RECORDS SHOWN:
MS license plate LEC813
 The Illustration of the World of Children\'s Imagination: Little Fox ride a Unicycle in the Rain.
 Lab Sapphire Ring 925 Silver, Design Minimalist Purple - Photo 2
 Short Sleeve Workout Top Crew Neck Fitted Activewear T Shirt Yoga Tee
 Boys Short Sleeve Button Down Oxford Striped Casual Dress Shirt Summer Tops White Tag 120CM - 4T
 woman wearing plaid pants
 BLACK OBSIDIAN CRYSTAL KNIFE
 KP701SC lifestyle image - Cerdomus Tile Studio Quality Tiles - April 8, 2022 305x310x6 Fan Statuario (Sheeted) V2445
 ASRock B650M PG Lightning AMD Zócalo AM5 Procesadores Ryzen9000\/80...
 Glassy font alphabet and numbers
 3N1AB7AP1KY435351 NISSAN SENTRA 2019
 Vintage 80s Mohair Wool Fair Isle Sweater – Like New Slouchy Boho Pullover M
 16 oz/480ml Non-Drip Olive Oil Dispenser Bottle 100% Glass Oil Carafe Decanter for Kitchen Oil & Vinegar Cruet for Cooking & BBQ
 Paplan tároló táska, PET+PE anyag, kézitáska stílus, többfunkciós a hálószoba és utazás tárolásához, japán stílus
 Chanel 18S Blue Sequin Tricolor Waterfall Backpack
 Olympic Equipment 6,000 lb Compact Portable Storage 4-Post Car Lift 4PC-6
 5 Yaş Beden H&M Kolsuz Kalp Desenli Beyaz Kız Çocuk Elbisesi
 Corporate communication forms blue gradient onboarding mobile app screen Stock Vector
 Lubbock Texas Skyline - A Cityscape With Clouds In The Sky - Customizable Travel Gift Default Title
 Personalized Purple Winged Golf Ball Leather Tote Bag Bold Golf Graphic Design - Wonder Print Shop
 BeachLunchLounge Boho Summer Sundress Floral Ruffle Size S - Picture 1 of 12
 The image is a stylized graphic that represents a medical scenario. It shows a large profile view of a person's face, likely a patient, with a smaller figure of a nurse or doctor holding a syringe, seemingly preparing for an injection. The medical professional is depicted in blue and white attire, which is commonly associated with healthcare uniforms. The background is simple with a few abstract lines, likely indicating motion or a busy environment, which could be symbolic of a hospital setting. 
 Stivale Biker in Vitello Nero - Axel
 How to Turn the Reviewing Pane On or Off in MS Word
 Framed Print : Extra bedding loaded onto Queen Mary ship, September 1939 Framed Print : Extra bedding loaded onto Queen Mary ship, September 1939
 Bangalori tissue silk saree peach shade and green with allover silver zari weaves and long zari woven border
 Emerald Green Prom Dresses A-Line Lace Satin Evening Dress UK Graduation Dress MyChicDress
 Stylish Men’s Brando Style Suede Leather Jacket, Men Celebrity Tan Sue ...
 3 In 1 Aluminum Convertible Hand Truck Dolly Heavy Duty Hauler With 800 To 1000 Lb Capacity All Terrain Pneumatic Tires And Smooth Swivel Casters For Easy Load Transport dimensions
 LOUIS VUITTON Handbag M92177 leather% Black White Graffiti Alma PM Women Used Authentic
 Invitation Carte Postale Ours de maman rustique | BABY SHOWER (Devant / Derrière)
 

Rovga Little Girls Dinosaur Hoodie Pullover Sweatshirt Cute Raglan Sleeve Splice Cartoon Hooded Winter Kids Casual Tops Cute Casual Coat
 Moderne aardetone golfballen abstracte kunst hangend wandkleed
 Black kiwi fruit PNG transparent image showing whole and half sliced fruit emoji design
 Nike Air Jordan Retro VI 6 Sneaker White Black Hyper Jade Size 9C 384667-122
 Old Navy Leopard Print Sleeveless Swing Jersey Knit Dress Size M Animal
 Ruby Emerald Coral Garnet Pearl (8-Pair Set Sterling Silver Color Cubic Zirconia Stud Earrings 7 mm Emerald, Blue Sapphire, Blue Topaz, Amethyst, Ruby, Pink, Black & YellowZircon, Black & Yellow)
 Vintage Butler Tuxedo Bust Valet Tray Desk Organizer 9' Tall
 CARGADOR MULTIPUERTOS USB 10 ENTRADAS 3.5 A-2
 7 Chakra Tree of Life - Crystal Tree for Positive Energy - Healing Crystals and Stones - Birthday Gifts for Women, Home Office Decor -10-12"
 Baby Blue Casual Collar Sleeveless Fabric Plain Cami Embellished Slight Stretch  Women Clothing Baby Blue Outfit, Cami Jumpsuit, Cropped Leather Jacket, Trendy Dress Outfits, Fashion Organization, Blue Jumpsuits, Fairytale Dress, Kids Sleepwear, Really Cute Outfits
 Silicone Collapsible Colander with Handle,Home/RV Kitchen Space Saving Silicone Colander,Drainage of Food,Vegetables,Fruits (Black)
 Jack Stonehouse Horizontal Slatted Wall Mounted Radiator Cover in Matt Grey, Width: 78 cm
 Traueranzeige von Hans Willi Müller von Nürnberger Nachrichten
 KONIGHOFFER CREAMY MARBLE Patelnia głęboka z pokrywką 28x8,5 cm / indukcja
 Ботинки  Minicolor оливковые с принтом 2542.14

AIM OF THE TASK: All of the records above need to be printed again exactly as they appear.

TASK OUTPUT:
MS license plate LEC813
 The Illustration of the World of Children\'s Imagination: Little Fox ride a Unicycle in the Rain.
 Lab Sapphire Ring 925 Silver, Design Minimalist Purple - Photo 2
 Short Sleeve Workout Top Crew Neck Fitted Activewear T Shirt Yoga Tee
 Boys Short Sleeve Button Down Oxford Striped Casual Dress Shirt Summer Tops White Tag 120CM - 4T
 woman wearing plaid pants
 BLACK OBSIDIAN CRYSTAL KNIFE
 KP701SC lifestyle image - Cerdomus Tile Studio Quality Tiles - April 8, 2022 305x310x6 Fan Statuario (Sheeted) V2445
 ASRock B650M PG Lightning AMD Zócalo AM5 Procesadores Ryzen9000\/80...
 Glassy font alphabet and numbers
 3N1AB7AP1KY435351 NISSAN SENTRA 2019
 Vintage 80s Mohair Wool Fair Isle Sweater – Like New Slouchy Boho Pullover M
 16 oz/480ml Non-Drip Olive Oil Dispenser Bottle 100% Glass Oil Carafe Decanter for Kitchen Oil & Vinegar Cruet for Cooking & BBQ
 Paplan tároló táska, PET+PE anyag, kézitáska stílus, többfunkciós a hálószoba és utazás tárolásához, japán stílus
 Chanel 18S Blue Sequin Tricolor Waterfall Backpack
 Olympic Equipment 6,000 lb Compact Portable Storage 4-Post Car Lift 4PC-6
 5 Yaş Beden H&M Kolsuz Kalp Desenli Beyaz Kız Çocuk Elbisesi
 Corporate communication forms blue gradient onboarding mobile app screen Stock Vector
 Lubbock Texas Skyline - A Cityscape With Clouds In The Sky - Customizable Travel Gift Default Title
 Personalized Purple Winged Golf Ball Leather Tote Bag Bold Golf Graphic Design - Wonder Print Shop
 BeachLunchLounge Boho Summer Sundress Floral Ruffle Size S - Picture 1 of 12
 The image is a stylized graphic that represents a medical scenario. It shows a large profile view of a person's face, likely a patient, with a smaller figure of a nurse or doctor holding a syringe, seemingly preparing for an injection. The medical professional is depicted in blue and white attire, which is commonly associated with healthcare uniforms. The background is simple with a few abstract lines, likely indicating motion or a busy environment, which could be symbolic of a hospital setting. 
 Stivale Biker in Vitello Nero - Axel
 How to Turn the Reviewing Pane On or Off in MS Word
 Framed Print : Extra bedding loaded onto Queen Mary ship, September 1939 Framed Print : Extra bedding loaded onto Queen Mary ship, September 1939
 Bangalori tissue silk saree peach shade and green with allover silver zari weaves and long zari woven border
 Emerald Green Prom Dresses A-Line Lace Satin Evening Dress UK Graduation Dress MyChicDress
 Stylish Men’s Brando Style Suede Leather Jacket, Men Celebrity Tan Sue ...
 3 In 1 Aluminum Convertible Hand Truck Dolly Heavy Duty Hauler With 800 To 1000 Lb Capacity All Terrain Pneumatic Tires And Smooth Swivel Casters For Easy Load Transport dimensions
 LOUIS VUITTON Handbag M92177 leather% Black White Graffiti Alma PM Women Used Authentic
 Invitation Carte Postale Ours de maman rustique | BABY SHOWER (Devant / Derrière)
 

Rovga Little Girls Dinosaur Hoodie Pullover Sweatshirt Cute Raglan Sleeve Splice Cartoon Hooded Winter Kids Casual Tops Cute Casual Coat
 Moderne aardetone golfballen abstracte kunst hangend wandkleed
 Black kiwi fruit PNG transparent image showing whole and half sliced fruit emoji design
 Nike Air Jordan Retro VI 6 Sneaker White Black Hyper Jade Size 9C 384667-122
 Old Navy Leopard Print Sleeveless Swing Jersey Knit Dress Size M Animal
 Ruby Emerald Coral Garnet Pearl (8-Pair Set Sterling Silver Color Cubic Zirconia Stud Earrings 7 mm Emerald, Blue Sapphire, Blue Topaz, Amethyst, Ruby, Pink, Black & YellowZircon, Black & Yellow)
 Vintage Butler Tuxedo Bust Valet Tray Desk Organizer 9' Tall
 CARGADOR MULTIPUERTOS USB 10 ENTRADAS 3.5 A-2
 7 Chakra Tree of Life - Crystal Tree for Positive Energy - Healing Crystals and Stones - Birthday Gifts for Women, Home Office Decor -10-12"
 Baby Blue Casual Collar Sleeveless Fabric Plain Cami Embellished Slight Stretch  Women Clothing Baby Blue Outfit, Cami Jumpsuit, Cropped Leather Jacket, Trendy Dress Outfits, Fashion Organization, Blue Jumpsuits, Fairytale Dress, Kids Sleepwear, Really Cute Outfits
 Silicone Collapsible Colander with Handle,Home/RV Kitchen Space Saving Silicone Colander,Drainage of Food,Vegetables,Fruits (Black)
 Jack Stonehouse Horizontal Slatted Wall Mounted Radiator Cover in Matt Grey, Width: 78 cm
 Traueranzeige von Hans Willi Müller von Nürnberger Nachrichten
 KONIGHOFFER CREAMY MARBLE Patelnia głęboka z pokrywką 28x8,5 cm / indukcja
 Ботинки  Minicolor оливковые с принтом 2542.14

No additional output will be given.